RECORDS SHOWN:
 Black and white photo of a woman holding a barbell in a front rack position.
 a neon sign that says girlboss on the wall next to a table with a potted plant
==
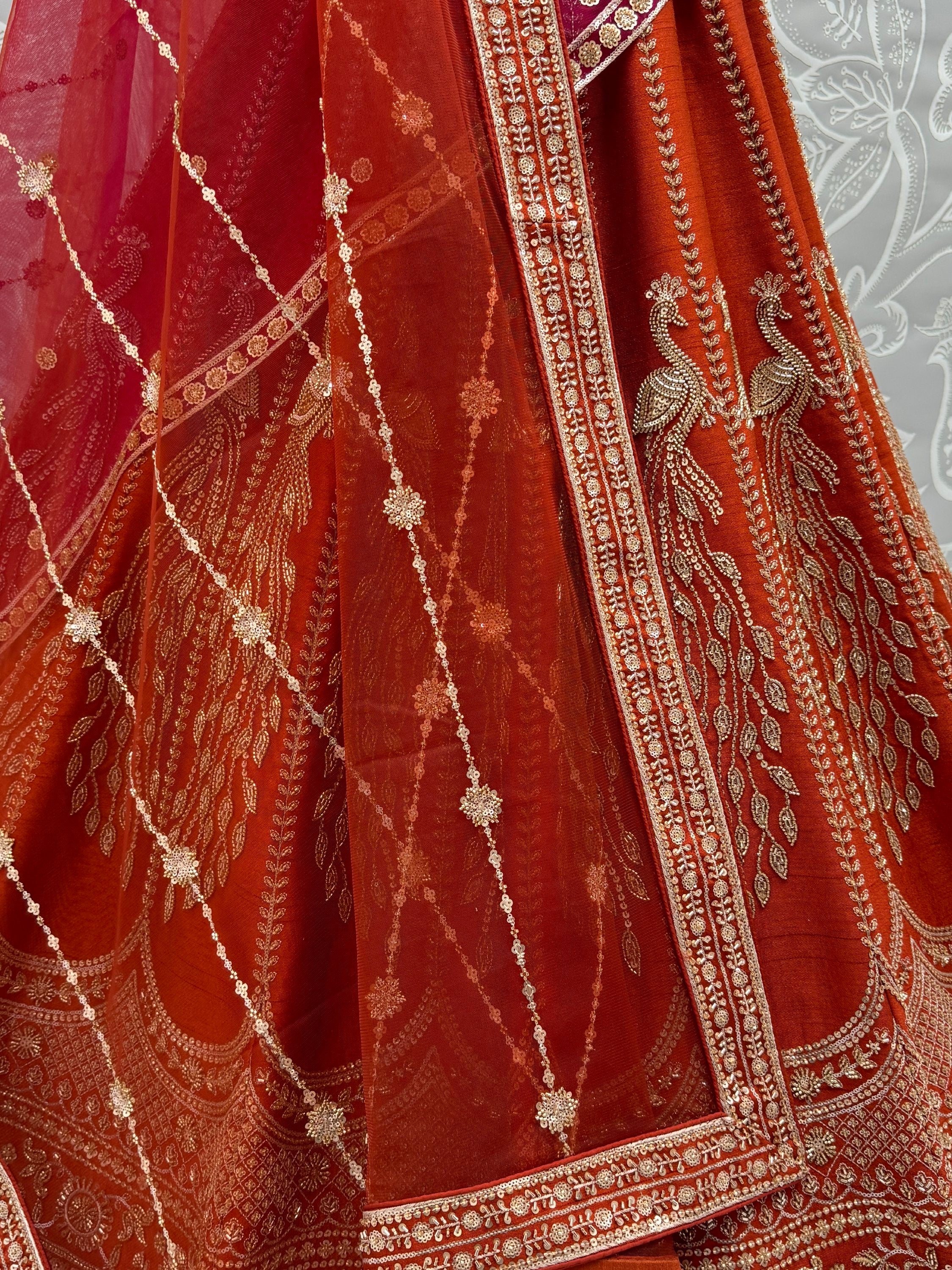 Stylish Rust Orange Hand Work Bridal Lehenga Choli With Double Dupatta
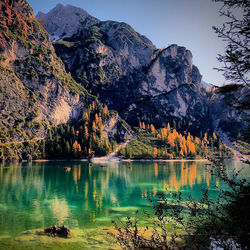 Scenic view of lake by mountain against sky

WHAT YOU SHOULD DO:
Among the entries above, copy exactly only the lines starting with the one containing "Black and white" and going through the one containing "a neon sign", both ends included.

RESPONSE BELOW:
 Black and white photo of a woman holding a barbell in a front rack position.
 a neon sign that says girlboss on the wall next to a table with a potted plant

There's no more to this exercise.